» Stored data
····················
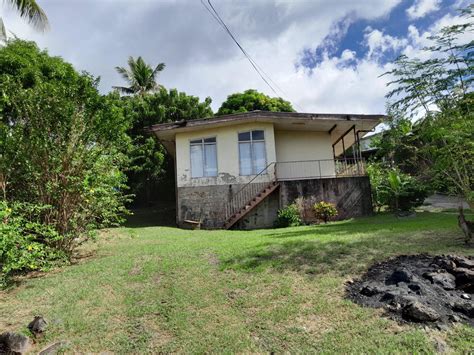 Lautoka 3 Bedroom House For Sale One Agency Bayshore Fiji Real Estate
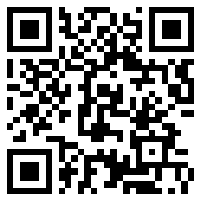 QR Code for XmmHweDs2DikenRk5WBUv5WyBcD32dS6Te
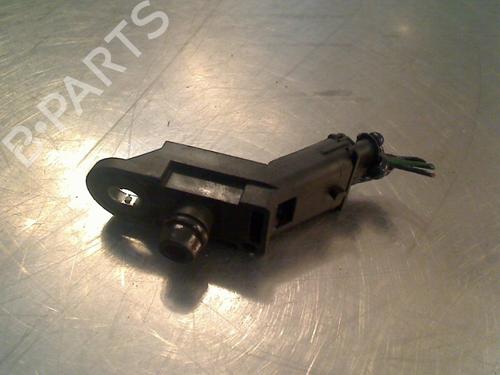 Electronic sensor RENAULT TRAFIC II Van (FL) 2.0 dCi 115 (FL01, FL0U, FL00, FL0H, FL0M) | BP34682712M84 - Image 2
····················
» The task
Output the lines above verbatim, images excluded.

» Response area
 Lautoka 3 Bedroom House For Sale One Agency Bayshore Fiji Real Estate
 QR Code for XmmHweDs2DikenRk5WBUv5WyBcD32dS6Te
 Electronic sensor RENAULT TRAFIC II Van (FL) 2.0 dCi 115 (FL01, FL0U, FL00, FL0H, FL0M) | BP34682712M84 - Image 2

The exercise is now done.